• **WHAT THE TASK REQUIRES**
Find the line below with "For now though, I" and the line with "Welcome to the first". Output exactly those lines and everything between them, leaving out the pictures.
Start of SOURCE DATA
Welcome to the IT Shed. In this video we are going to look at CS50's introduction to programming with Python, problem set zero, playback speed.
End of SOURCE DATA
Start of SOURCE DATA
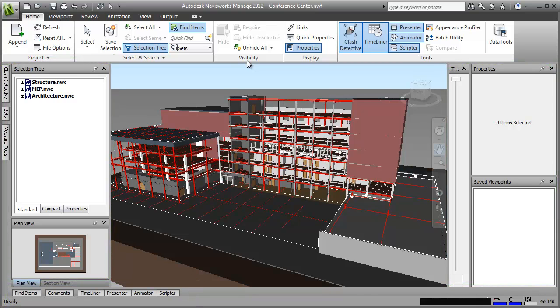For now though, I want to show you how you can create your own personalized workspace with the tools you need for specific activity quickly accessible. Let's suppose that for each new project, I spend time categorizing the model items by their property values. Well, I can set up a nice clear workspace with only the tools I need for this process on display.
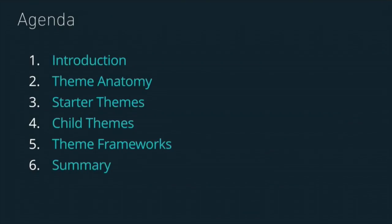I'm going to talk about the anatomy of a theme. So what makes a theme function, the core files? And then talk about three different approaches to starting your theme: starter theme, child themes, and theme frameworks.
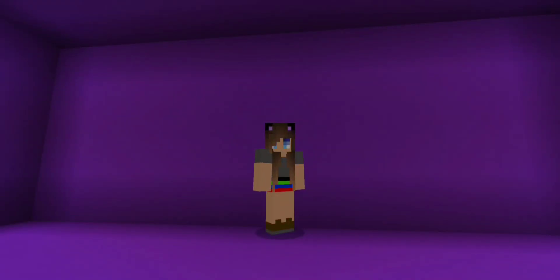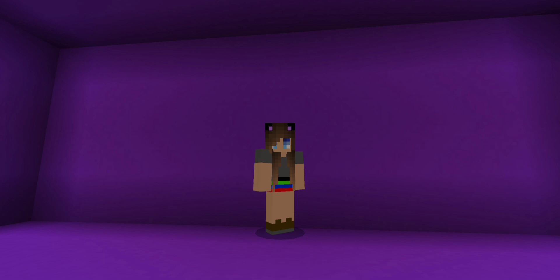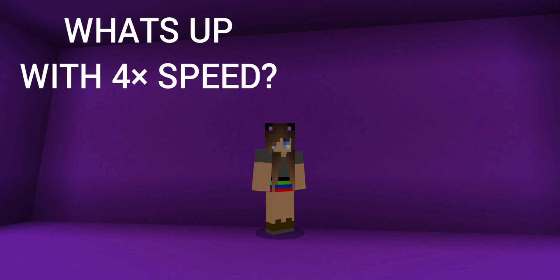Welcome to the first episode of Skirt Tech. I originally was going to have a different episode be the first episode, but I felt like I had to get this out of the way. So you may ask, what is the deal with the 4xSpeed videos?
End of SOURCE DATA
Start of SOURCE DATA
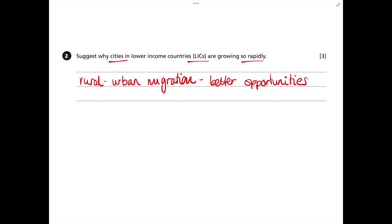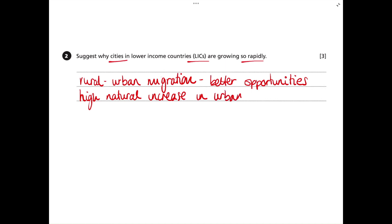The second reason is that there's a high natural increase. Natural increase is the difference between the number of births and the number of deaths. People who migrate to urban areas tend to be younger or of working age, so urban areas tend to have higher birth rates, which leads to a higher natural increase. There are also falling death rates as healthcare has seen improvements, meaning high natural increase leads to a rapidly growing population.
End of SOURCE DATA
• **ANSWER FOR THIS EXERCISE**
For now though, I want to show you how you can create your own personalized workspace with the tools you need for specific activity quickly accessible. Let's suppose that for each new project, I spend time categorizing the model items by their property values. Well, I can set up a nice clear workspace with only the tools I need for this process on display.
I'm going to talk about the anatomy of a theme. So what makes a theme function, the core files? And then talk about three different approaches to starting your theme: starter theme, child themes, and theme frameworks.
Welcome to the first episode of Skirt Tech. I originally was going to have a different episode be the first episode, but I felt like I had to get this out of the way. So you may ask, what is the deal with the 4xSpeed videos?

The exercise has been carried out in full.